J’observe la réaction des spectateurs avec intérêt : la plupart marquent des formes de réceptivité à la question de la souffrance animale (en particulier les enfants, cible des activistes), suivie souvent de culpabilité rentrée, se manifestant par le corps en baissant la tête, en creusant la poitrine ou en arborant des visages désolés. Certains s’excusent en disant qu’ils ont déjà acheté leur billet. Certains se mettent en colère en disant qu’ils ont déjà acheté leur billet ! Certains refusent de prendre le tract – déni. Certains contestent le bien-fondé des propos des activistes mais sans présenter eux-mêmes de fondement à leur dénégation. Il y a enfin le fameux argument du bien-être des enfants – bien agressif : « Ne montrez pas ces images horribles à mes enfants ! »… Quel défilé de stratégies d’évitements et de défenses !

Véganisme activiste

Je discute avec une jeune activiste, Jasmine Lagier, Franco-Argentine, fille de vétérinaire et d’une peintre, finissant ses études secondaires au lycée international à Miami. A 17 ans, ses arguments sont déjà affutés : les animaux ont des modes de pensées, ils sont sensibles, ils éprouvent des émotions. Il faut donc proscrire l’instrumentalisation des animaux qui les transforme en objets de satisfaction des désirs humains, produit presque toujours une souffrance insupportable et refuse aux animaux le respect que l’on doit à des êtres vivants sensibles et intelligents ! Il faut combattre ces attitudes d’abus des animaux en arrêtant de consommer les produits animaux et en propageant la conscience de ce système d’exploitation et de souffrance généralisée.

Jasmine me montre donc la face activiste politique des végans de Miami, différente du pragmatisme de Rane tout en poursuivant le même but. Je lui demande ce qui l’a amenée à militer à l’A.R.F.F. Elle me dit que depuis toute petite, elle avait conscience que la viande était des animaux morts mais qu’elle avait été forcée d’en manger (sur des arguments diététiques). A partir de 10 ans, elle est devenue végétarienne et cela fait 4 ans qu’elle est végan. Comme pour la moitié du Million de végans sur le territoire américain, c’est le visionnage d’un film rendant sensible la souffrance animale qui a été décisif dans le basculement vers le véganisme : pour elle, ça a été Farm to Fridge (film choc réalisé par l’organisation Mercy For Animals). Elle ne connait pas encore les philosophes de l’éthique animale et je lui conseille de lire Peter Singer, Animal Liberation1, et surtout Tom Regan, The Case for Animal Rights2, puisqu’elle aspire à devenir avocate dans la défense des droits animaux.

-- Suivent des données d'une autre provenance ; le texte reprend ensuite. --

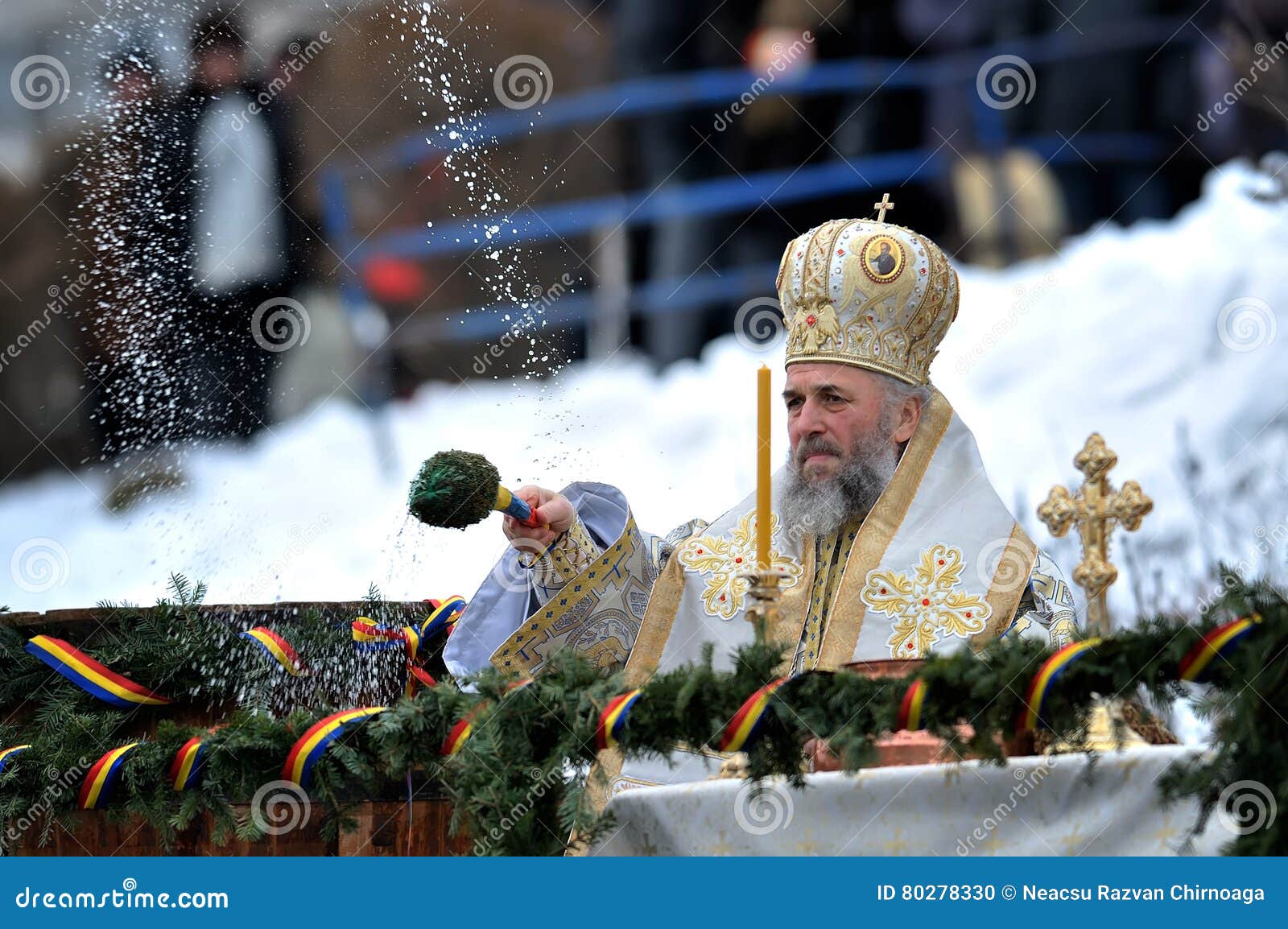 Feste Religiose Più Importanti Al Mondo Arcivescovo Di Craciun Cassian Roman Durante Feste Religiose Importanti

L’activisme construit ses arguments au contact des réactions hostiles. Elle m’énumère à ce propos différents arguments qu’elle entend de façon récurrente et que l’on peut grouper selon deux grandes catégories :

  1. ceux qui opèrent un retournement du recours à la nature, de bon aloi dans ce combat idéologique : c’est l’ordre de la nature qui fait que les hommes dominent les animaux, c’est naturel de manger des animaux, ces animaux ne pourraient plus exister s’ils ne travaillaient plus pour les hommes… ;
  2. les arguments typiques de la mauvaise foi : on ne peut pas faire autrement, ce n’est pas mon action, négligeable en tant qu’individuelle, qui va changer le système.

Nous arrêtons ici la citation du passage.